REQUIREMENT: In the entries that follow, find the line containing "League Fees Crown Green Bowling Season 2016" and the line containing "Image 1 : Silver", then retype exactly the lines from the first through the second, pictures excluded.

━━━ RECORDS PROVIDED ━━━

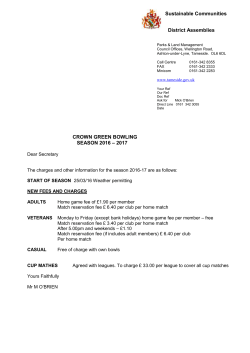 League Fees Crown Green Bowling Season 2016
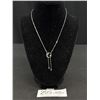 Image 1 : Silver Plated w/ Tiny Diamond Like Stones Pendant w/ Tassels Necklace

━━━
━━━ RECORDS PROVIDED ━━━

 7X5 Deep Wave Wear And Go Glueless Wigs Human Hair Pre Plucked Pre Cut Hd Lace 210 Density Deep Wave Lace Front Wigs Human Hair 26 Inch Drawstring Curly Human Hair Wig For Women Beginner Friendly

━━━
━━━ RECORDS PROVIDED ━━━

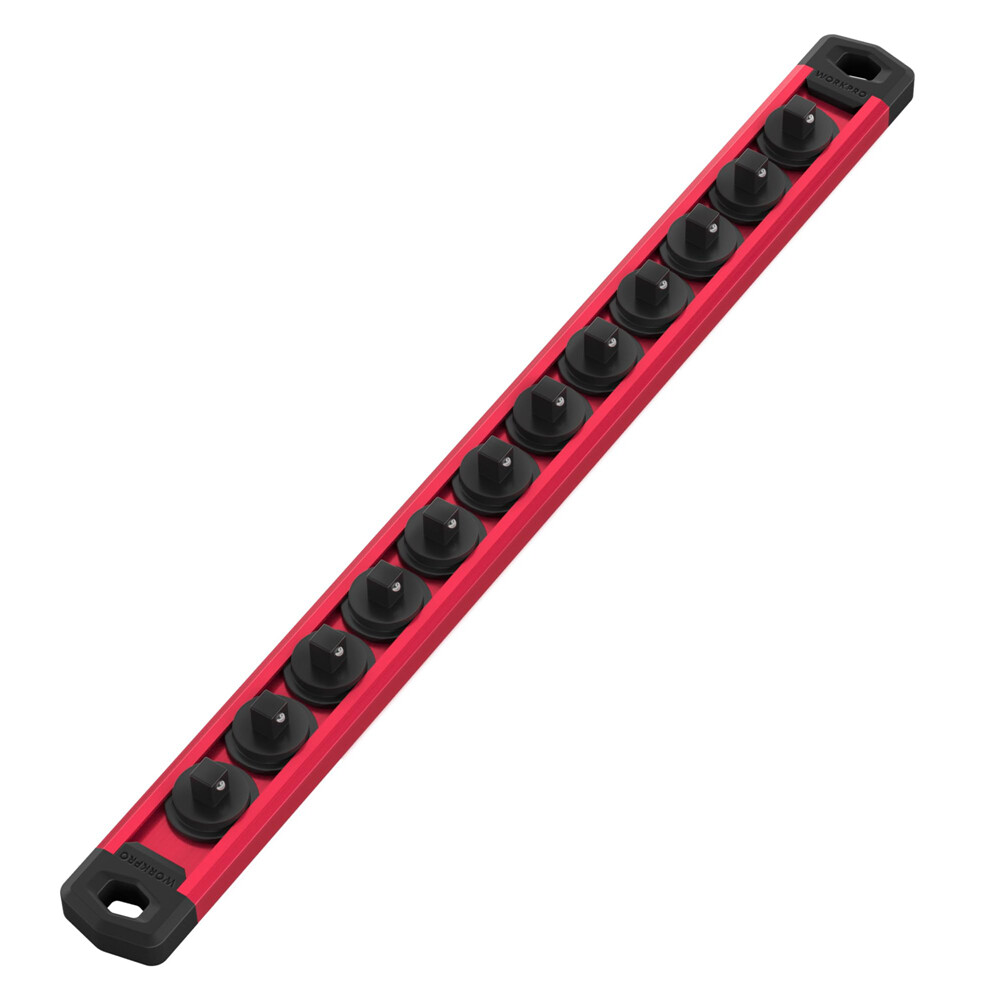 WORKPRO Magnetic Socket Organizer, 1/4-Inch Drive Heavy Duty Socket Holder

━━━

WRITTEN SOLUTION:
 League Fees Crown Green Bowling Season 2016
 Image 1 : Silver Plated w/ Tiny Diamond Like Stones Pendant w/ Tassels Necklace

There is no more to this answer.